She was right. I have not shed a tear over it yet. I don't think that I will. I want to, but I can't for some reason. I cried during the marriage a lot and I think I justify the fact that I got over it during the marriage, so I shouldn't grieve the ending.
When my parents divorced, I was 30 years old and although it was dysfunctional, it was all I ever knew and I did not cry. I had always wished that they would get divorced when I was little. I was angry over being thrown in the middle and the way things went down, but I didn't grieve the actual ending of the only thing that was ever constant in my life. I justify. About 5 years later, I had a breakdown about it, but come on, 5 years later? WTF?
When my grandmother, the most wonderful, influential person I have ever known, died, I did not grieve. I think about her every single day and I miss her so much, but I did not cry. I justify in my mind that she was old, lived a great, happy life and died from Alzheimer's. She did not go through any pain and was smiling when she passed. She also lived in a different state my whole life, so I didn't see her on a daily basis. I justify.

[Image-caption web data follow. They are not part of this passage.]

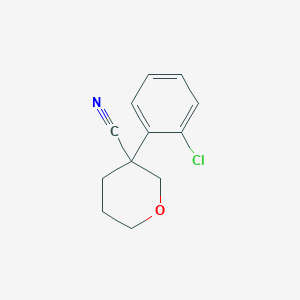 molecular formula C12H12ClNO B13152189 3-(2-Chlorophenyl)oxane-3-carbonitrile 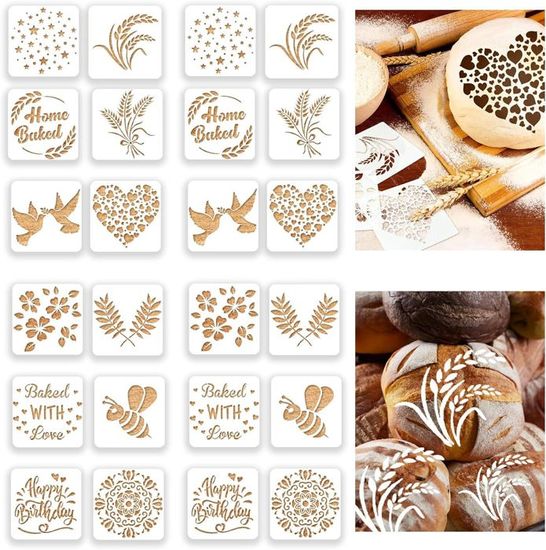 Lot De 20 Pochoirs Pour Gâteau Et Café : 4 Grands + 16 Petits Motifs - Décoration Cookie Et Cappuccino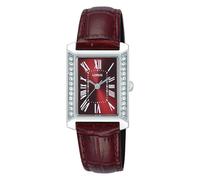 Lorus Watch RG239YX9 Ladies Rectangle Elegance Crystal Set Burgundy Dial RRP £70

Although, my other grandparents and I weren't as close, they were a part of my life and when they passed, I did not cry. Again, we weren't as close and we lived in different states and therefore I did not see them often. This is what I tell myself for my lack of tears. I justify.
I have only really been devastated by 2 break ups in my life. One when I was 19 years old and one during my big change in careers, and financial situation. Now I have had MANY break ups, and only grieved 2. Neither of which were my long term relationships. I justify.

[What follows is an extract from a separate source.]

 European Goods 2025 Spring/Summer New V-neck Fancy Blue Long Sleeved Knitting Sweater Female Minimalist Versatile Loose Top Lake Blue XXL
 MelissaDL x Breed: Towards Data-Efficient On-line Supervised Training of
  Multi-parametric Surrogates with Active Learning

However, I will cry at the drop of a hat when criticized about my parenting skills or I think about something happening to my daughter or I fell like I am insignificant. I bawled when my daughter acted up on the plane and when I was in jail. But I can't seem to cry at LOSS.

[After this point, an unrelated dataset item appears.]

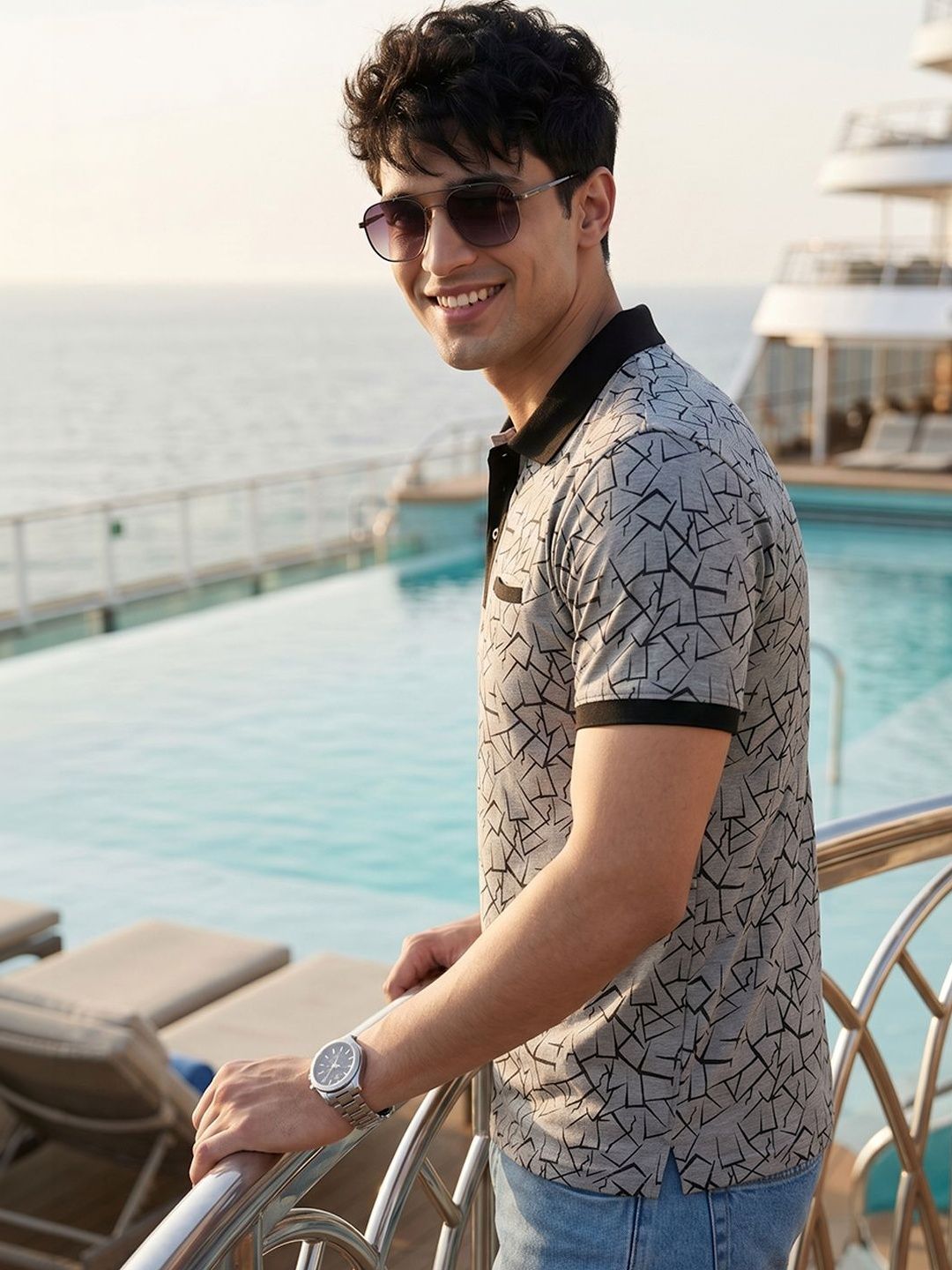 Mast & Harbour Geometric Printed Polo Collar Short Sleeves T-shirt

I know this is something that I need to work on right now. I know that I can not/should not date until I have felt all of the emotions that I am supposed to over the ending of my marriage. Even if it takes years of alone time, I need to wait until it happens. I need to learn and experience what it feels like to feel and understand what it means to be done, over or gone. I can't justify it anymore.
I need to feel. Period.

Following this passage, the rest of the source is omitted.